This assumes the market is not oversaturated. It does not work if there are only a couple of people trying to find a place to eat in a street with 30 similar well maintained and staffed restaurants.

Correct me if I'm wrong but, you may be thinking of restaurants where their defining factor is "having a very creative atmosphere", which will not suit all customers. However it is a differentiating factor which will serve a big audience that is under served in a location filled with "boring well maintained and staffed restaurant".

In my view the creativity comes in in finding solutions to a problem, in a oversaturated market the problem may be "how do I persuade customers to come to my restaurant instead of my competitor?". And following that question may be (in the restaurant example) "what can I offer that is under served in the current market?" The solution to that may be "a biker cafe" or "an overpriced "creative" restaurant where the waiters are terrible and the chef is even worse" (perhaps even rude on purpose).

Additionally I assume you want the restaurant to grow.
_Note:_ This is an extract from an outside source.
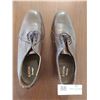 Eatons Men's Leather Dress Shoes Size 8 (Slightly Worn)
If you want the restaurant to just survive the bar is lower and you may be able to do that by doing the same everyone else is doing as long as you meet the minimum.

And you'll still probably get beat by a restaurant in a better location or one with better marketing
I can't remember the last time I ate anywhere because of an ad. I eat out a lot too, used to uber eats nearly every single day. I wont reorder at places that mess up my order, but consistent quality I reward. Chick Fil A gives me the best service out of any fast-food restaurant, so they earn my repeat business.
People almost never admit it when they respond to an ad. Even when they very clearly do.

Don't underestimate the effectiveness of advertising, or its ability to influence you.

You don't even see ads for local restaurants, you just go there because its close or a friend recommended it. How could you get influenced by something that doesn't exist? Their marketing is just the storefront, people go there since they are interested in this new place.
They definitely spend on ads but I worked at Red Lobster a few years ago, I definitely remember TV ads. Now and then I get a food ad for a place I'll never go to and never do. Uber Eats is trickier because I just look at the map for whats closest to me.
Google Ads, especially Google Maps, has tons of paid ads for local restaurants. So does Uber Eats and similar ilk.

I particularly despise these ads in Maps because the ad often obscures the search result I'm looking for -- and I end up accidentally clicking on an advertisement for some other restaurant than the one I was looking up.

I distinctively remember when ads have worked on me to buy something. Sometimes I blacklist a brand if an ad is deceptive and makes me click on something, but I don't watch TV much if at all, and the streaming services I do use I pay to have ads removed.
You remember when you remember an ad works on you, of course that is a tautology, you don't remember when you don't realize an ad worked on you but did.
But the argument is that now you have AI for chef, staff and upkeep so its only the recipe writer left. I don't agree with that argument but that is the dream these corporations are selling.